When interviewed, a textile business owner based in north-eastern China was quoted by Xinhua.net that most of textile firms which used to indulge in massive borrowing binges were now facing difficulties in servicing their existing and new loans due to the widespread fear among banks and financial institutions that if borrowing regulatory requirements were not strictly enforced; they might not be able to meet the country’s capital requirements. These financial institutions do not want violate the strict capital requirements as penalties for non-conformance could result in severe lending/borrowing restrictions, and unnecessary tight scrutiny coming from the regulators.
According to the Dec. 28 Xinhua.net news article, it reported that one of the worst hardest industry hits to the firm’s cash shortfalls came from the small and medium sized enterprises (SMEs) due to the size and lack of accessibility to readily available cash resources, came as nothing surprising for many. These SMEs do not have the capabilities as compared to their counterparts in the large industries, including coping with debt and leverage, profit margins were relatively slim, and they do not command as much clout in terms of debt negotiations with their lenders. The PBOC was said to have excess cash reserves of 1.5 trillion Chinese Yuan to defend the monetary system from any potential shortfalls. However, if future events involving the spikes seen in the interbank rates were to be a norm going forward, particularly during the weeks leading up to the close of the quarter-end, the question is whether the PBOC intervene in a timely basis, or will they choose to sit out and not do something to calm the money markets? The PBOC is also facing a dilemma as they were supposed to carry out the reforms that were outlined in the Third Plenum meetings in November 2013, while also maintaining a relatively non-interventionist role in its conduct of the monetary policies, so as not to cause an imbalance in the cost of living, affordability, particularly for those folks that are in their retirement/prime years.

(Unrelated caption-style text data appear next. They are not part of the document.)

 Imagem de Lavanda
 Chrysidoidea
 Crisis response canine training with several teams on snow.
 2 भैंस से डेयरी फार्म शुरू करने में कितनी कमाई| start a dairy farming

According to the Dec. 28 Xinhua.net news reported that a recent research conducted by one of the major global credit agencies, Moody’s, found that total borrowing in the Chinese mainland’s non-financial private sector during the fiscal year ended in October 2013, was likely to equal 180.0 percent of the entire national economic output for the same period. The credit rating agency went on further to explain that the massive scrambles among many highly leveraged firms to repay loans were expected to be more frequent going forward, and could pose severe credit risks faced by many SMEs in China.
There are long-term solutions which the PBOC could consider, but it is unlikely that they will do so. This includes the combination of a liberalised interest rate regime, coupled with an optimised credit structure which could be introduced in phases that might be able to go a long way in reassuring investors that the Chinese monetary system remains open and transparent about their timely disclosures. Companies, especially the SMEs, should also be regularly updated on their regulatory limits and not go overboard in their lending/borrowing activities.